O quarto trimestre é um trimestre em que o cenário de exportação segue firme, atrativo. Preços no mercado internacional seguem bastante firmes.
Então eu continuo com a estratégia de redirecionamento. No começo do trimestre o gado estava em um patamar de preço aqui no Brasil mais baixo do que evidenciou. Agora por efeito sazonal ele subiu um pouco, então isso acaba trazendo um pouco mais de compressão de rentabilidade. Mas você não deve esperar um trimestre muito diferente do que vimos agora nesse terceiro. É um trimestre que deve seguir muito com essa tônica que a companhia tem apresentado, mas principalmente o mercado de exportação tem sinalizado ao longo dos últimos anos. O mercado de exportação forte com uma demanda por carne bovina bastante forte, especialmente da Ásia e do Oriente Médio.
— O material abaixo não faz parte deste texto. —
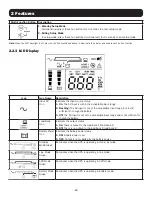 Preview for 10 page of Tripp Lite SmartPro SMART1000RT1U Owner'S Manual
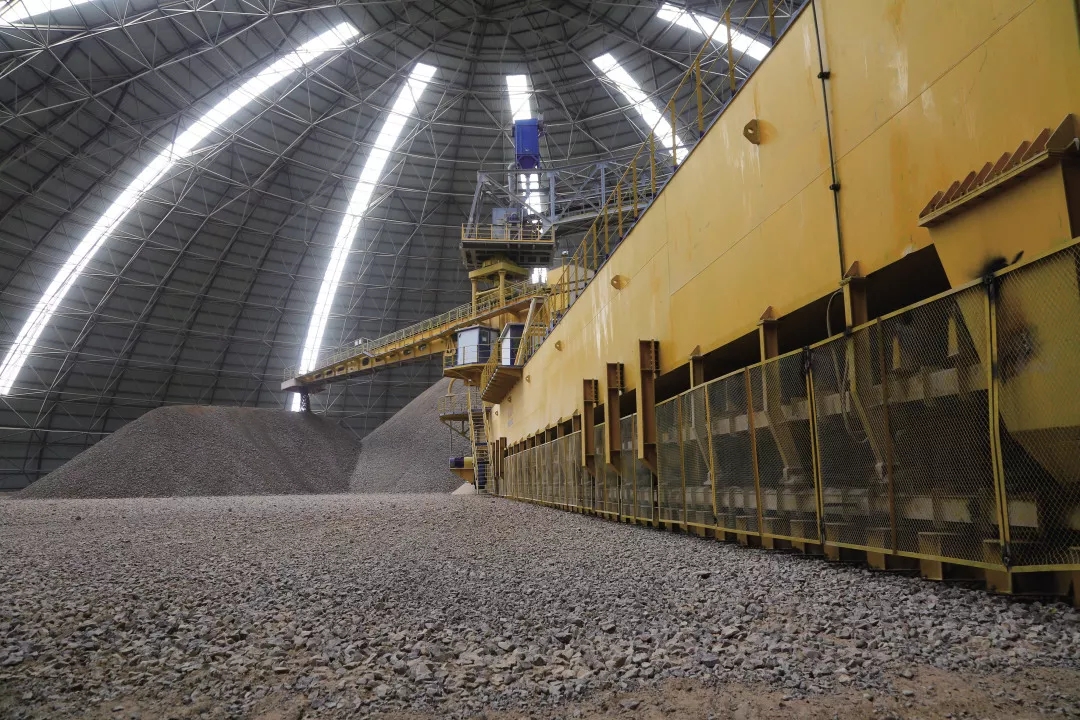 3044am永利集团3044noc(中国游)官方网站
Recentemente o mercado americano também vem um uma demanda muito forte. É um mercado bem atrativo porque paga bem. É um mercado premium. Então para os exportadores aqui da América do Sul é um trimestre que deve ser muito semelhante à dinâmica dos anteriores. Foco na exportação com um nível de rentabilidade bastante resiliente em linha com o que temos apresentado.